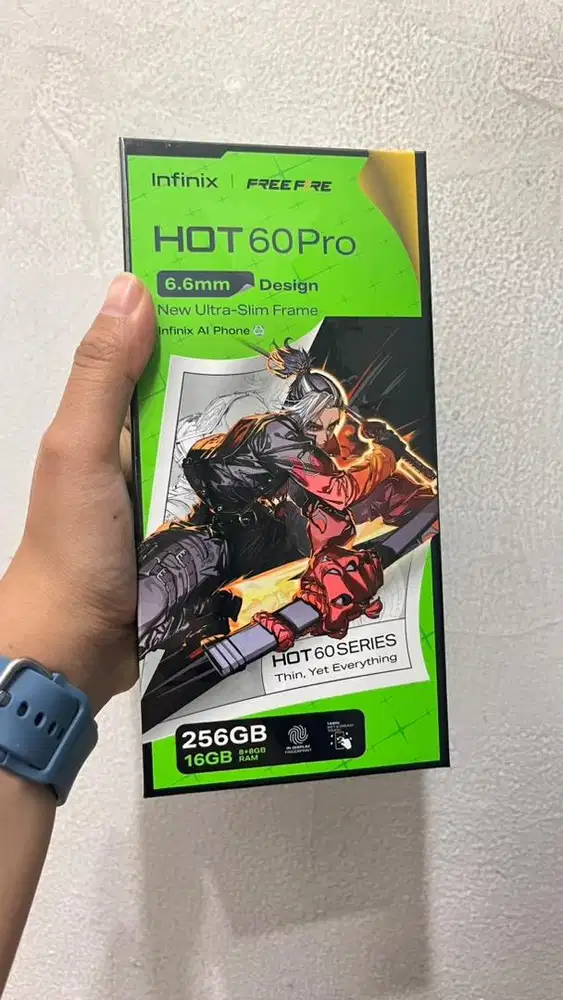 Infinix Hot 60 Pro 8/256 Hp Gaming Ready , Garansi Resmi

* * *

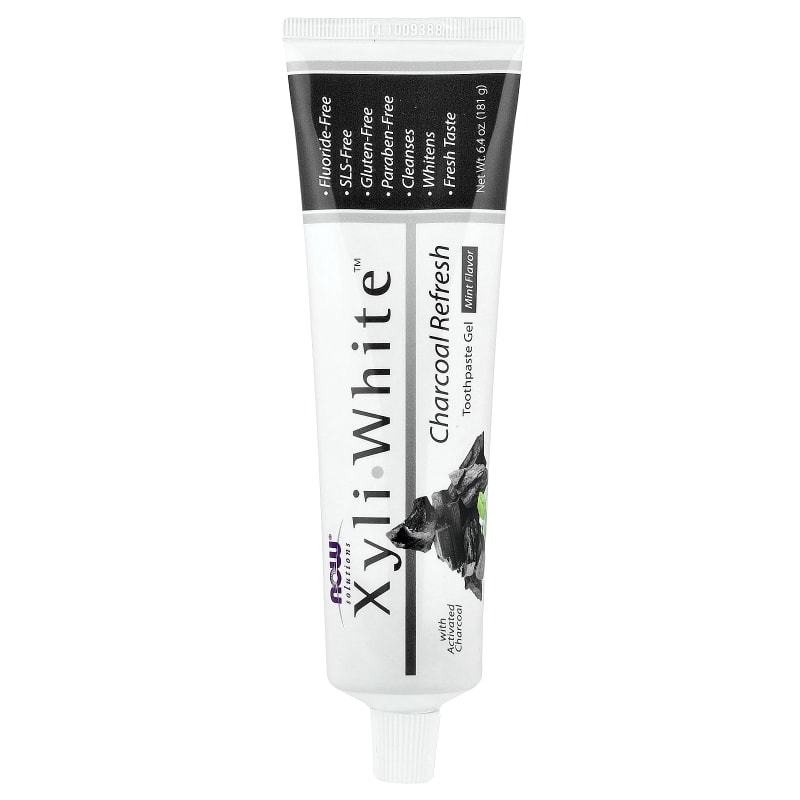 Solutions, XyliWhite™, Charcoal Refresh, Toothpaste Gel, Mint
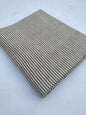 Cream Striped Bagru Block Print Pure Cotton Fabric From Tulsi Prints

==

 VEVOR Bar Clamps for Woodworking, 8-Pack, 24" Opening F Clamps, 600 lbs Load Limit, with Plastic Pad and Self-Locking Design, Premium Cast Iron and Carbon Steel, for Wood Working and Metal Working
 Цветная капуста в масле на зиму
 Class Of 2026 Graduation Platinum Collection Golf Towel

| What the task asks |
With the line holding "Цветная капуста в масле на зиму" as the first and the line holding "Class Of 2026" as the last, please transcribe exactly the lines of the material above in that range and nothing else.

| Expected answer |
 Цветная капуста в масле на зиму
 Class Of 2026 Graduation Platinum Collection Golf Towel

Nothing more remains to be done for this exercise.